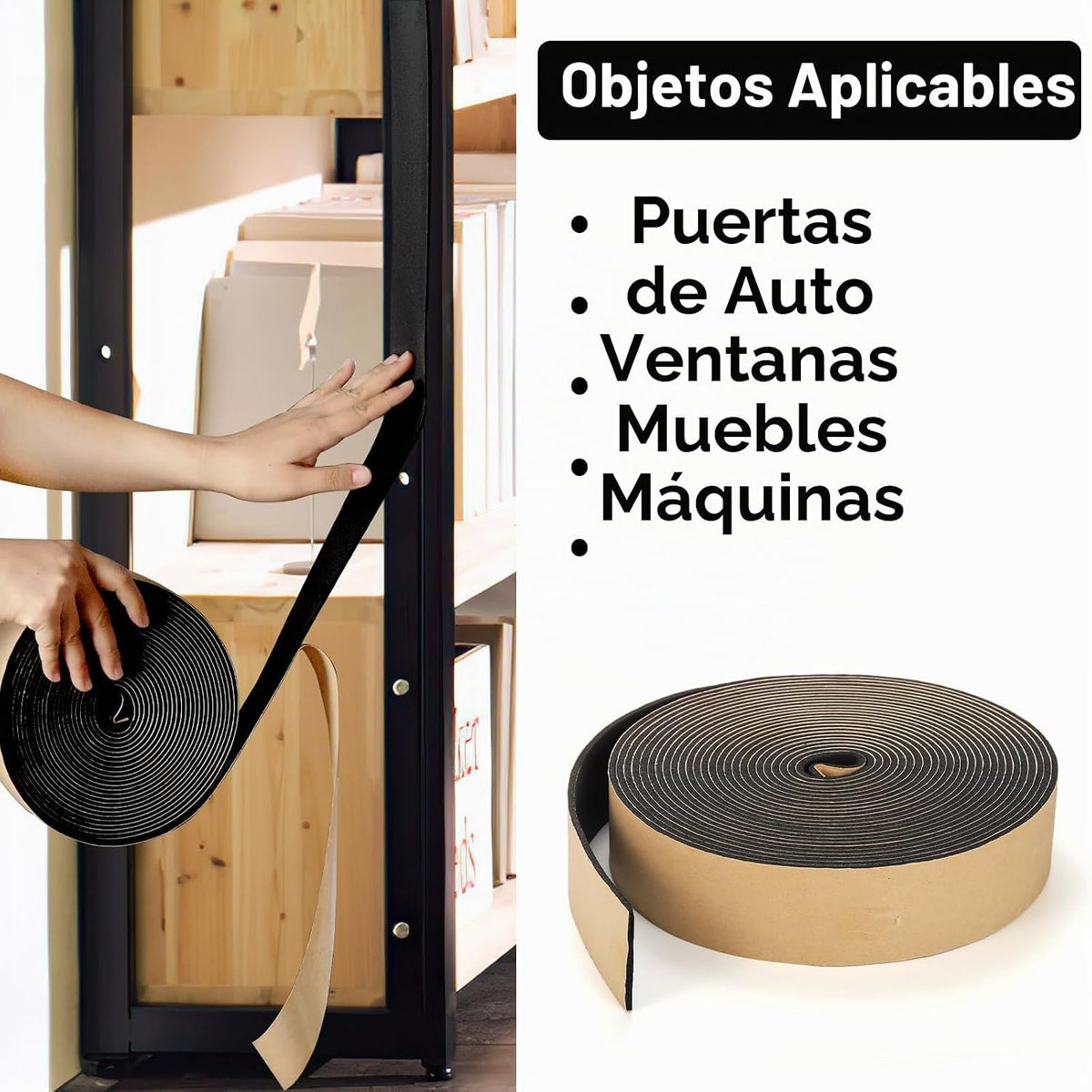 Jucoan Cinta aislante de espuma autoadhesiva de 99 pies, 2 pulgadas...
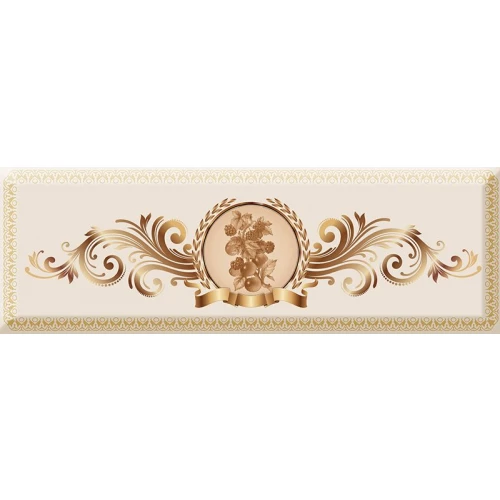 Плитка настенная Absolut Keramika Monocolor Decor Medallion Fruits 01 глянцевая бежевая AK1051 30х10 см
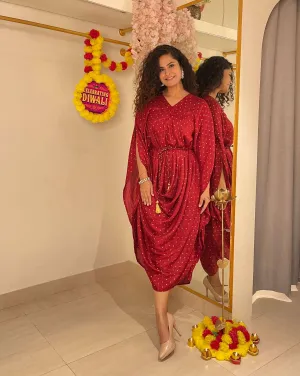 Banarasi Red Flared Cowl Dress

━━━

> [EXERCISE PROMPT] Print the listing verbatim; no pictures.

> [SOLUTION TO THIS PROBLEM]
 Jucoan Cinta aislante de espuma autoadhesiva de 99 pies, 2 pulgadas...
 Плитка настенная Absolut Keramika Monocolor Decor Medallion Fruits 01 глянцевая бежевая AK1051 30х10 см
 Banarasi Red Flared Cowl Dress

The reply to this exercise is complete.